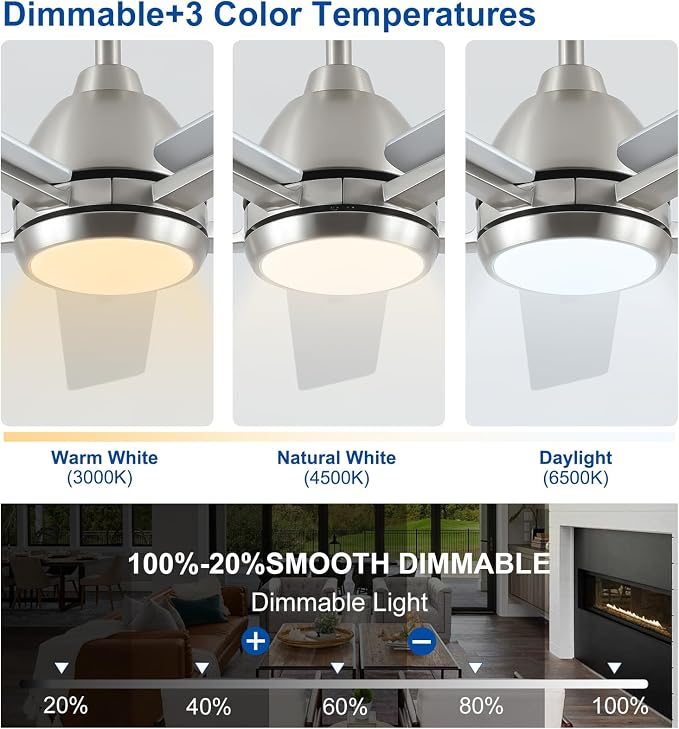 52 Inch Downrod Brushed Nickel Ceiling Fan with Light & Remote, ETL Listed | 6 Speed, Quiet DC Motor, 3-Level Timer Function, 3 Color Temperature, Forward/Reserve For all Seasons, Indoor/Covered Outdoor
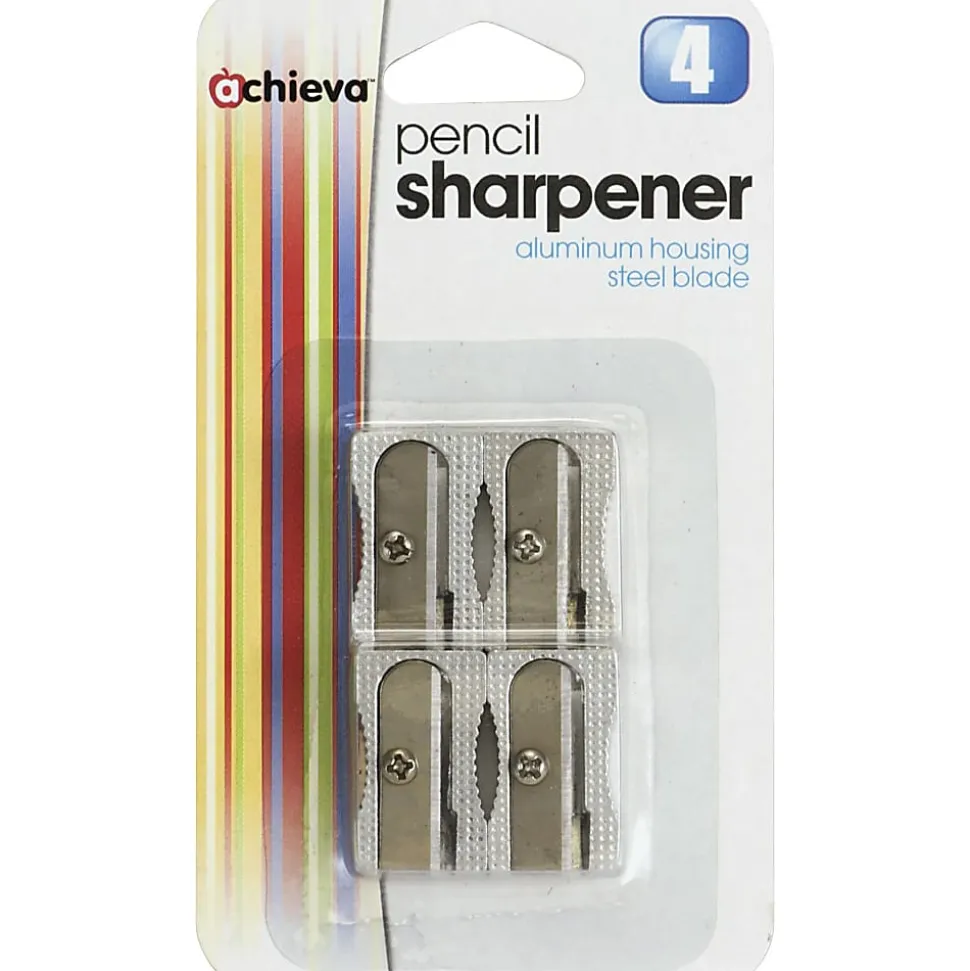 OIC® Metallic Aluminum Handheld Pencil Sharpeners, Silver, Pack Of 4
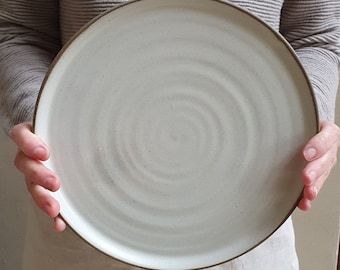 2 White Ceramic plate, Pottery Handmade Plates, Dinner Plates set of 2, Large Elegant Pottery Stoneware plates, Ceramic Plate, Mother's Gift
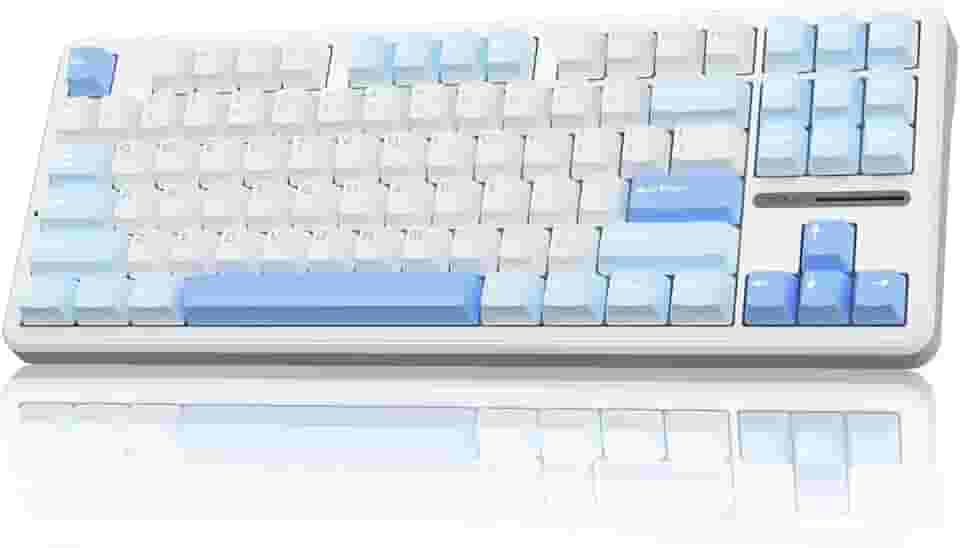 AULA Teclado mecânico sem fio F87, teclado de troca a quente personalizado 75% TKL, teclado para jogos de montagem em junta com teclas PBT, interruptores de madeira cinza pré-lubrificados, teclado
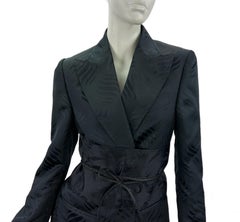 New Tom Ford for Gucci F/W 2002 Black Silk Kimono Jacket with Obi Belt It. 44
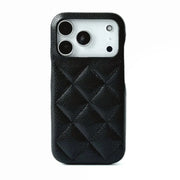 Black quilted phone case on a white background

_ _ _ _ _ _ _

* Action item *
Restate only the lines running from the start of the material above through the line containing "OIC® Metallic Aluminum", ends included. No pictures.

* Solution to this task *
 52 Inch Downrod Brushed Nickel Ceiling Fan with Light & Remote, ETL Listed | 6 Speed, Quiet DC Motor, 3-Level Timer Function, 3 Color Temperature, Forward/Reserve For all Seasons, Indoor/Covered Outdoor
 OIC® Metallic Aluminum Handheld Pencil Sharpeners, Silver, Pack Of 4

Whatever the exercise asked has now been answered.